Film Review: Sheikh JacksonQuiet drama 'Sheikh Jackson' tells a coming-of-age story and a come-back-to-God story that barely meet in the middle.
Set in Cairo, the thoughtful but lighthearted drama Sheikh Jackson presents a wealth of detail about its central character, a Muslim cleric named Khaled (Ahmad El-Fishawi) who harbors a secret: Before he found religion, he was perhaps Egypt’s most devoted Michael Jackson fan.
In an unhurried fashion, the film unfolds the quotidian rhythms of Khaled’s modest but comfortable life. Married to Aisha (Amina Khalil), with a precocious grade-school-age daughter, Rawda (Rawda Khamis Ibrahim), Khaled prays in his apartment, usually alone, and also leads the large congregation at his local mosque. He showers, dresses, prays, drops his daughter at school, picks her up, has meals at home, does it all again.
Yet, he’s added seeing a therapist to his weekly routine, for his mind and heart aren’t at peace. Whereas he used to cry prodigiously during prayers, overcome with awe for God’s greatness, he’s been unable to cry since the day MJ died.
Appropriately enough for a film invoking the late moonwalking hit-maker, Sheikh Jackson definitely has a good hook with its tale of an imam whose crisis of faith is triggered by the death of his favorite, and somewhat forbidden, pop star. But beyond the intriguing idea of the King of Pop as a cultural ambassador to the Arab world, director Amr Salama, who co-wrote the script with Omar Khaled, doesn’t harvest much substance from the Jackson connection.

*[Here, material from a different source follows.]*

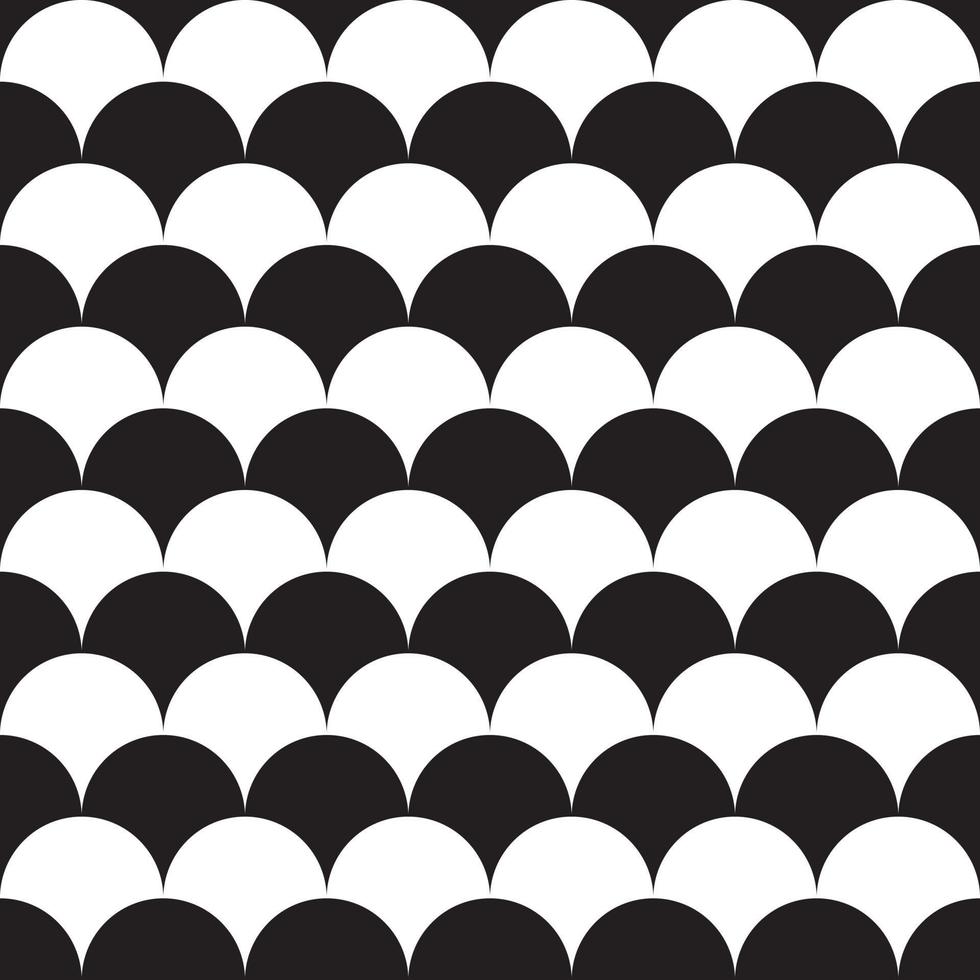 Vector seamless background black and white with fish scales. Natural abstract pattern. Graphic design for decorating, wallpaper, fabric and etc.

Sheikh’s fascination might have been with Prince or Madonna, or any of the era’s famous English-speaking singers who produced danceable pop tunes that might have been deemed blasphemous in the average Muslim household. Of course, Jackson did occupy a rarefied global reach of fame that was practically unparalleled—but why should his death send this Sheikh spiraling? Answers aren’t forthcoming in El-Fishawi’s likeable but fairly one-note performance, which at least delineates the practical nature of Khaled’s crying problem. As prayer leader, he needs that tearful emotion to sway his flock. Otherwise, they’ll start to prefer that some other imam take the lead, and Khaled wants to retain his status at the mosque.
On a spiritual level, the film doesn’t crack open much insight to his religion, or his unease. Why Michael Jackson’s death, why now? The therapist, Dr. Nour (Basma, in a none-too-convincing performance) wonders, just as the audience might wonder, how deep does this problem really go? There are a few complaints at the mosque about Khaled’s less passionate praying, but his wife doesn’t really sense a problem, and no one’s life or soul seems to be in real jeopardy. So what then?
Cue the golden-hued flashbacks to his awkward teenage years, when everyone called him Doodle (Ahmed Malek), and a crush on a girl named Sherine helped unleash his unbridled obsession with Dangerous-era Michael Jackson. Doodle’s swaggering, boozing dad, Hany (Maged El Kedwany), refers to the singer as a drag queen, constantly belittling Jackson and just about anything else having to do with sensitive Doodle, who sorely misses his late, beloved mother.
As Khaled winces and prays through his blues, Doodle’s story plays out in flashback, led by Malek, who makes a strong impression as a boy willing to go to the lengths of looking like Dangerous-era MJ in an effort to win Sherine’s heart, and a dance contest. They’re both interesting performances, although not truly related as two sides of the same coin. Regardless of any physical resemblance, the actors don’t appear to be the same guy at different ages, but rather two entirely different people.
Salama keeps both stories moving, but they don’t meet where they should to produce any epiphany or surprises. Khaled hits a sort of rock bottom, amid several suspenseful interactions with his father, his caring uncle and an old squeeze, and it’s a pleasure that the plot proceeds with respect for the viewer’s intelligence. Salama rarely punctuates the point of a scene, which is a good and a bad thing.
Lost in the film’s forward motion—and vibrant dream sequences, which occasionally feature appearances by MJ himself (or, rather, the impersonatorknown as Carlos)—is a persuasive emphasis on what it is about this man’s fascination with the Man in the Mirror that really matters in how he practices his religion. As a character study, Sheikh Jackson isn’t Bad, but it’s no Thriller.